4. Percentage voortijdig schoolverlaters daalt

Het percentage studenten onder de 23 jaar dat zonder startkwalificatie het mbo verlaat, is volgens de Staat van het Onderwijs in 2019/2020 na drie jaar van stijging gedaald naar 4,6 procent. De daling van het percentage voortijdig schoolverlaters (vsv’ers) geldt voor alle leerwegen en niveaus. Het percentage vsv’ers is hoger onder bbl-studenten dan onder bol-studenten. Ook de daling van het percentage vsv’ers is sterker in de bol dan in de bbl. Het is waarschijnlijk dat de economisch onzekere tijden als gevolg van de coronapandemie invloed hebben op het percentage vsv’ers. Pas volgend jaar is zichtbaar of er sprake is van een trendbreuk. Het is dan ook voorbarig om de daling van het percentage vsv’ers toe te schrijven aan de inzet op regionale samenwerking in de aanpak van het terugdringen van vsv (OCW, 2020), maar positief is het wel.

5. Kans op een baan hangt steeds minder af van migratieachtergrond

Na het mbo hebben studenten met een niet-westerse migratieachtergrond van de tweede generatie nog steeds een kleinere kans op een baan dan studenten zonder migratieachtergrond. De verschillen zijn in het afgelopen decennium wel kleiner geworden volgens de Staat van het Onderwijs. 

6. Studiesucces: meeste diploma’s in de sector zorg en welzijn

In schooljaar 2019/2020 hebben ruim 150.000 studenten een mbo-diploma gehaald. De meeste diploma’s werden behaald in de sector zorg en welzijn (bijna 35 procent), een sector waar de vraag naar gediplomeerd personeel ongekend hoog is.
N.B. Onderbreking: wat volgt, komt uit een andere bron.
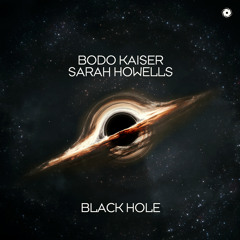 Black Hole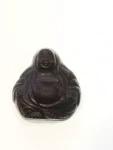 Load image into Gallery viewer, Buddha Hazelnut 18g by Denman Island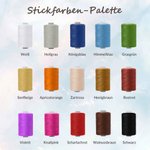Personalisiertes niedliches Baby-Kapuzenbadetuch mit Tier | mit gesticktem Namen | Sommer Pool Bad Baby Shower Geburtstag Geschenk für Neugeborene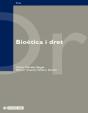 Bioètica I Dret - Preview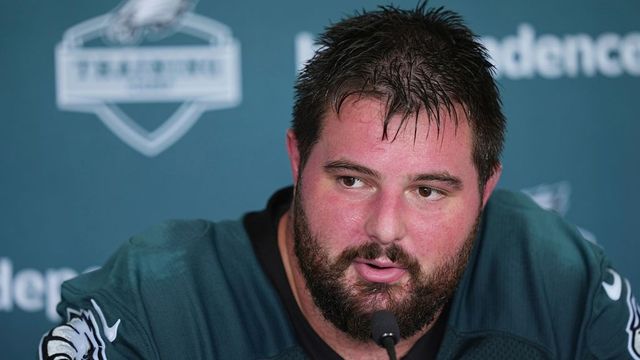 Philadelphia Eagles vs Dallas Cowboys: See full weather report and travel advisory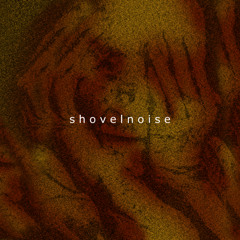 God Complex (Man vs. God Mix)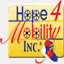 hope4mobility.org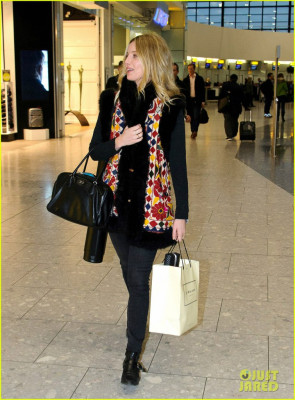 Annabelle Wallis pic #916736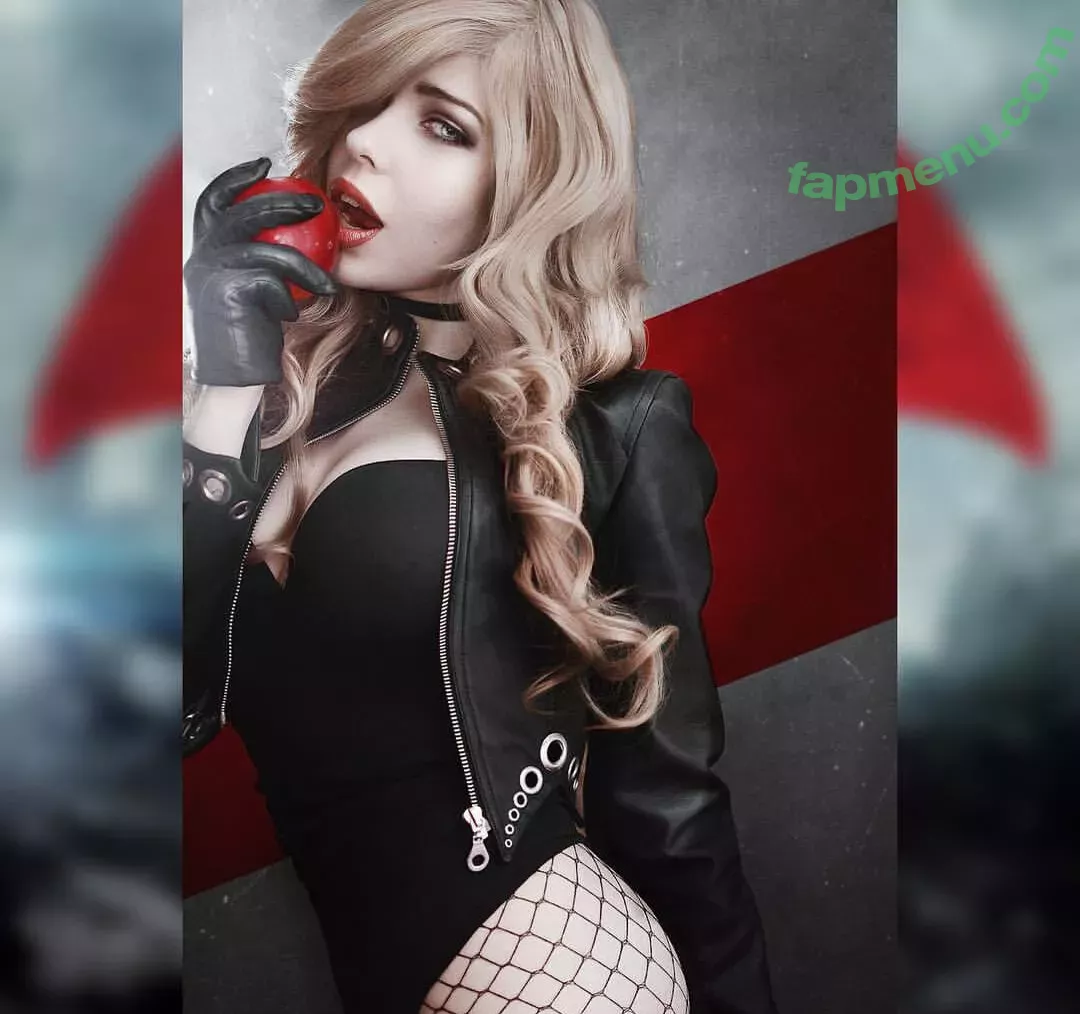 Vasilielcosplay nude photo #0392 (Vasiliel / Vasiliel_cosplay / Василиса Тим)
De instroom en het totaal aantal studenten in deze sector groeien sinds schooljaar 2016/2017. In totaal worden volgens de Staat van het Onderwijs de meeste diploma’s behaald op niveau 4 (ruim 45 procent).

7. Meer differentiatie en gepersonaliseerd onderwijs

Hoewel afstandsonderwijs minder effectief blijkt en ook als een verarming van het onderwijs wordt ervaren door studenten en docenten, biedt het ook voordelen waar in de toekomst gebruik gemaakt kan worden. Zo is er in potentie meer mogelijkheid voor differentiatie en meer gepersonaliseerd onderwijs. Sommige studenten varen wel bij de vrijheid om in eigen tempo te kunnen werken aan uitdagingen op hun niveau. Deze studenten vinden het positief dat ze meer regie en eigenaarschap hebben over hun eigen leerproces.